> [What to do]:
Your answer must consist of the records exactly as given, with no pictures included.
[Opening Extracted data section]
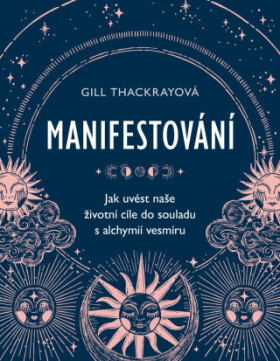 Manifestování - Gill Thackray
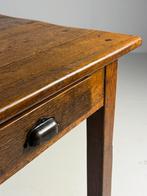 Franse eettafel antiek 250cm, Ophalen of Verzenden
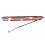 2X Dynamic Third 3Rd Brake Light, Rear Tail Light Stop Lamp for  Hilux Revo Vigo 2015 2016 2017 2018 Red Shell 4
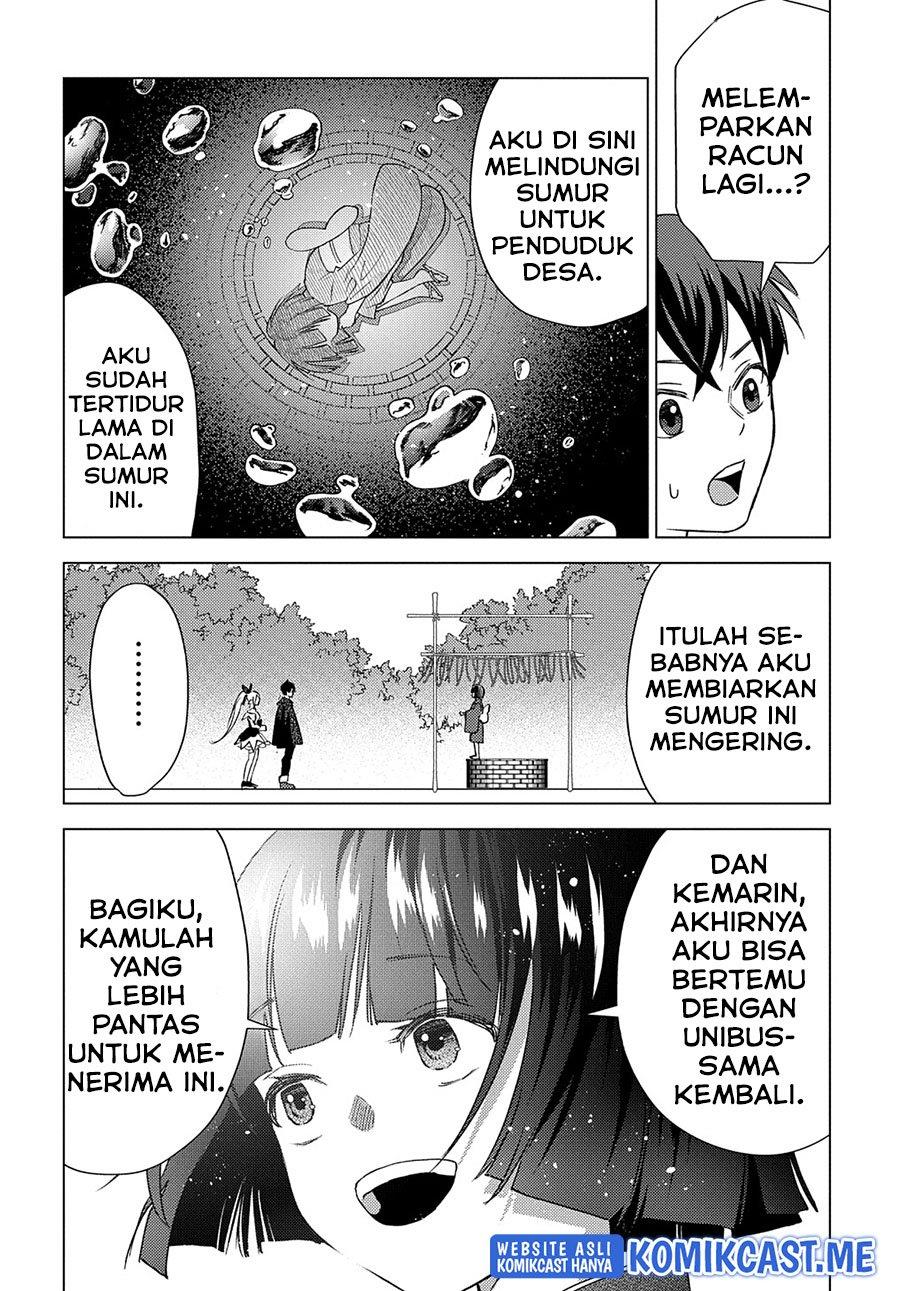 Muno to Yobareta “Seirei Tarashi” Jitsu wa Ino de, Seirei Kai de wa Densetsu Teki Herodeshita Chapter 7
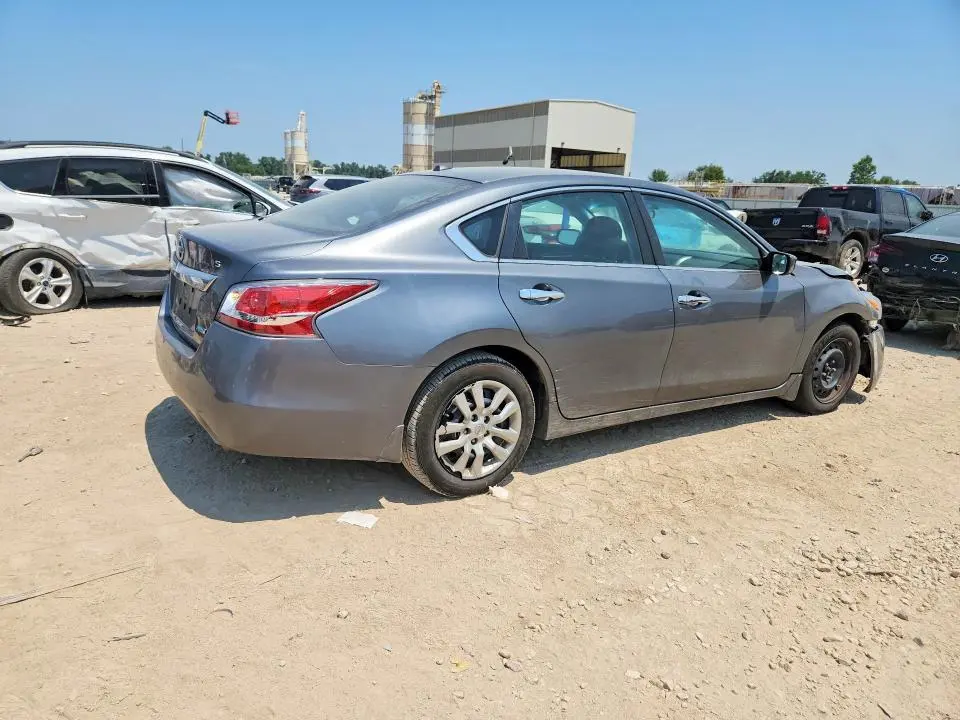 2014 NISSAN ALTIMA 2.5 S  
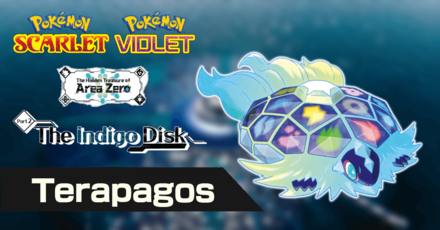 Terapagos Type, Weaknesses, and How to Change Form | Pokemon 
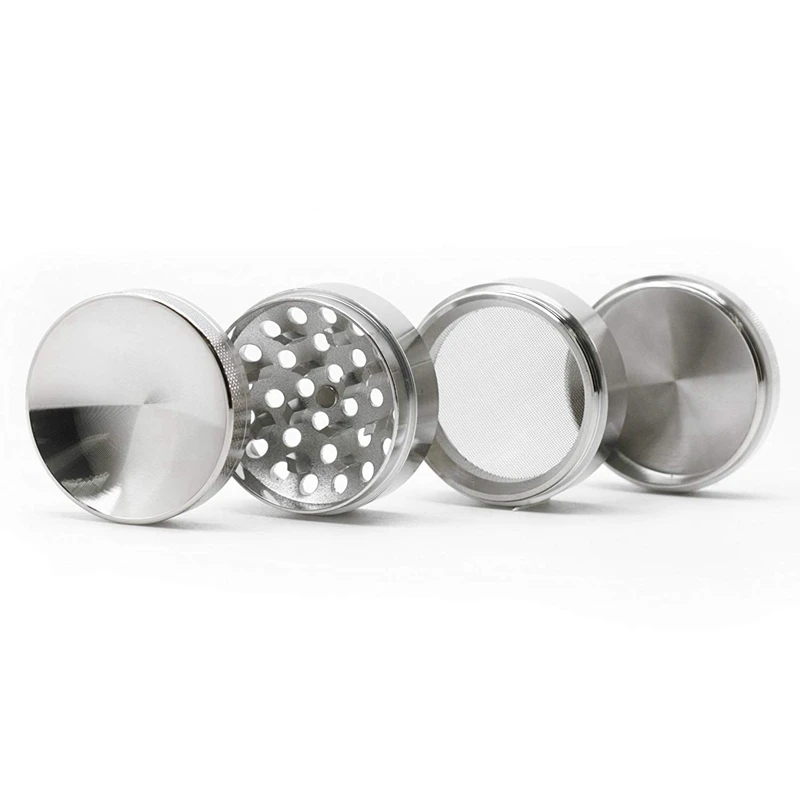 Вогнутый шлифовальный диск из сплава металла и цинка 4 предмета в комплекте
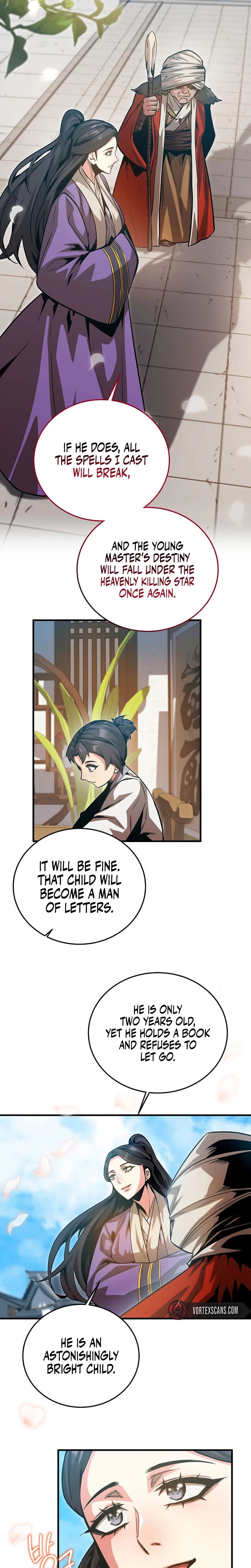 The Ruler Of Darkness Chapter 28 Page 12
[Closing Extracted data section]
> [Your solution]:
 Manifestování - Gill Thackray
 Franse eettafel antiek 250cm, Ophalen of Verzenden
 2X Dynamic Third 3Rd Brake Light, Rear Tail Light Stop Lamp for  Hilux Revo Vigo 2015 2016 2017 2018 Red Shell 4
 Muno to Yobareta “Seirei Tarashi” Jitsu wa Ino de, Seirei Kai de wa Densetsu Teki Herodeshita Chapter 7
 2014 NISSAN ALTIMA 2.5 S  
 Terapagos Type, Weaknesses, and How to Change Form | Pokemon 
 Вогнутый шлифовальный диск из сплава металла и цинка 4 предмета в комплекте
 The Ruler Of Darkness Chapter 28 Page 12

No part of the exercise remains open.